Album Review: Pupil Slicer - Blossom
Reviewed by Rick Eaglestone
Two years on from their debut Pupil Slicer are back latest science fiction/cosmic horror album 'Blossom' bringing their own reincarnation of hell to the masses with them.
Laden with a dark emotion the albums short instrumental into 'Glaring Dark of Night' lulls the listener into a false sense of security as the almost black metal start 'Momentary Actuality' should come with its own health warning as its intensity amalgamates various styles with the heartbeat being the combination of ferocious and ethereal vocals.
Continuing the kaleidoscopic voyage through another plane of existence is 'Departure' which has a nice electronic undercurrent with elements of early Sepultura mixed in for good measure.
For me Blossom’s masterpiece is 'Creating the Devil in Our Own Image', Kate Davie’s visceral delivery and cathartic energy is palpable as ever but for me the subtle Queen Adreena tones that nuzzle in between Luke Fabian’s dominant bass lines are just a joy to behold.

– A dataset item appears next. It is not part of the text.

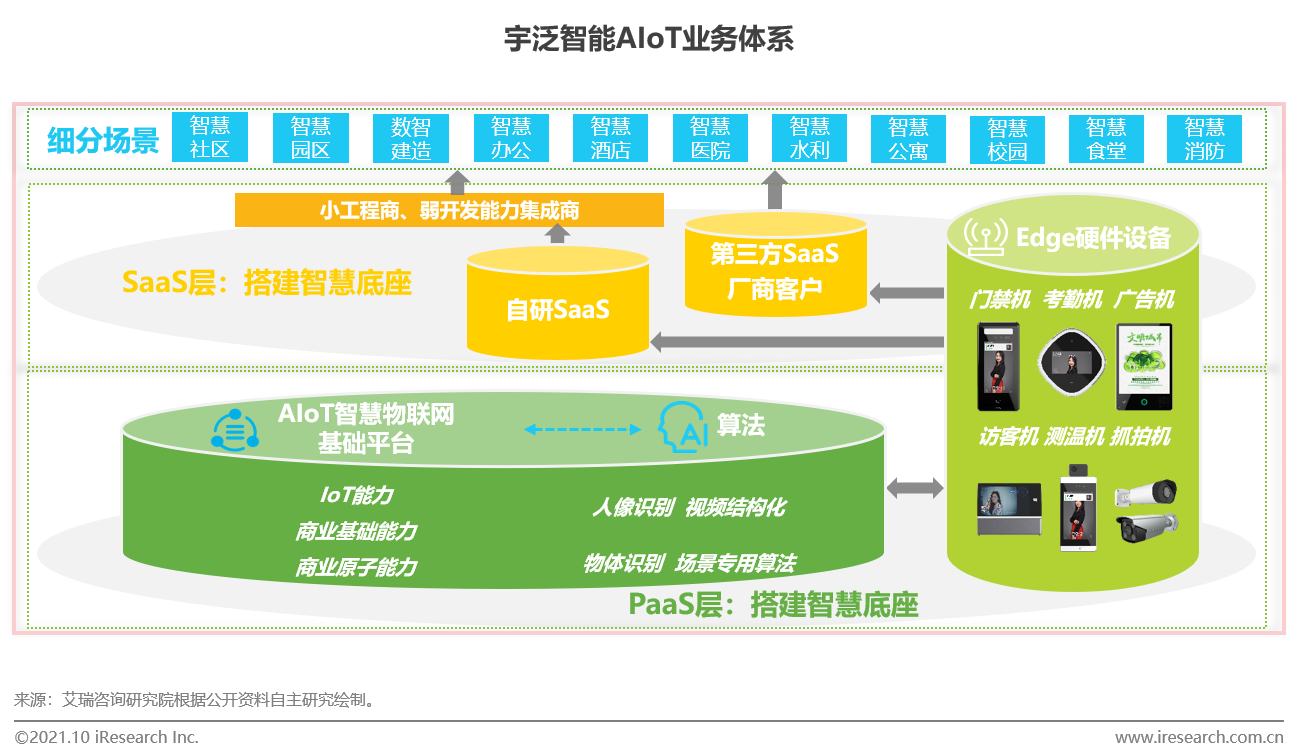 电商平台艾瑞：AI安防进入下半场，拓展与融合将是未来主要方向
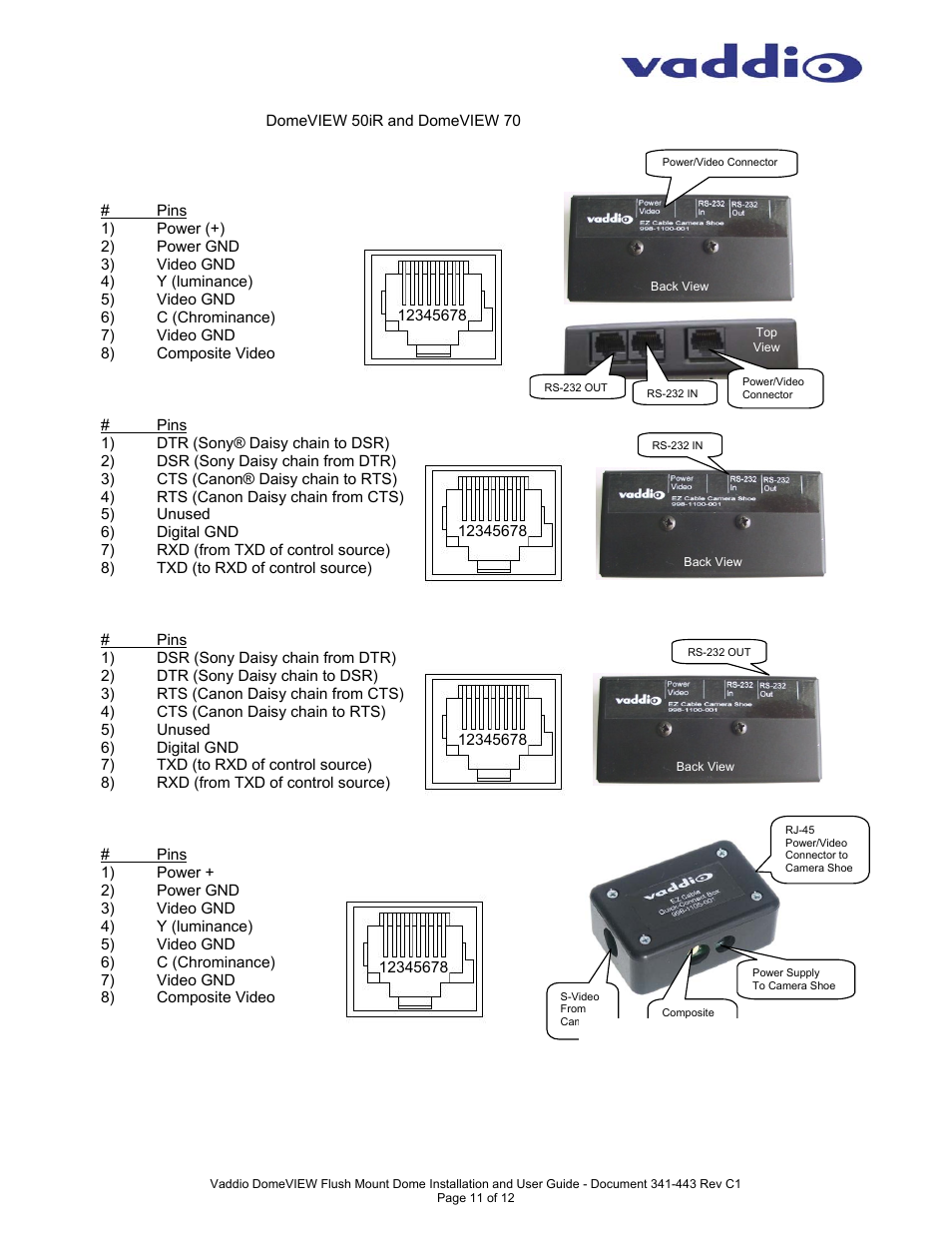 Vaddio DomeVIEW Flush Mount Dome User Manual | Page 11 / 12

An ambitious 8-minute opus switches the album into another gear, with a slower, melodic, and atmospheric start which showcases the musicianship wonderfully, Davie’s vocal combines effortlessly the ringing bass lines once more but midway through the track the unrelenting drum patterns of Josh Andrews and formidable guitar work from former live guitarist Frank Muir really come to the forefront. The chaotic edge and track length of 'The Song at Creation’s End' in particular gives the band the perfect opportunity to showcase the album’s narrative.
Now, alongside metal a style of music that I love is Drum and Bass and as to 'No Temple' kicked in for the first time through my noise cancelling headphones I was in a very quiet gym mid bench press and well, I may have shouted out my joy at this and also pushed myself to do a few more reps, also just as I thought the Pupil Slicer surely couldn’t get any more intense they go a switch it up once more.
If I if I had to pick one song from this album to recommend to someone that fits the aesthetic of Blossom, it would have to be without any doubt 'Terminal Lucidity' as it effervescent with passion with unrelenting and unapologetic purpose.
Completely taking the album in different direction is the science fiction tones of 'Language of the Stars' before honestly being floored by the emotion that runs through 'Dim Morning Light' as for an album so intense throughout the softer tones and serenity are something that add another dynamic, yes there is a subtle of sprinkle of anguish but rather than take anything away form the overall tone it moulds into something truly special which gives the album an air of finality but that is left for the albums uplifting title track 'Blossom' which not only has some great solos but by the end has me wanting to hit the repeat due to the journey I have been through with this album.
Through darkness and despair the band have grown and matured producing a more coherent and confident sounding album all the while still maintaining their core tenets.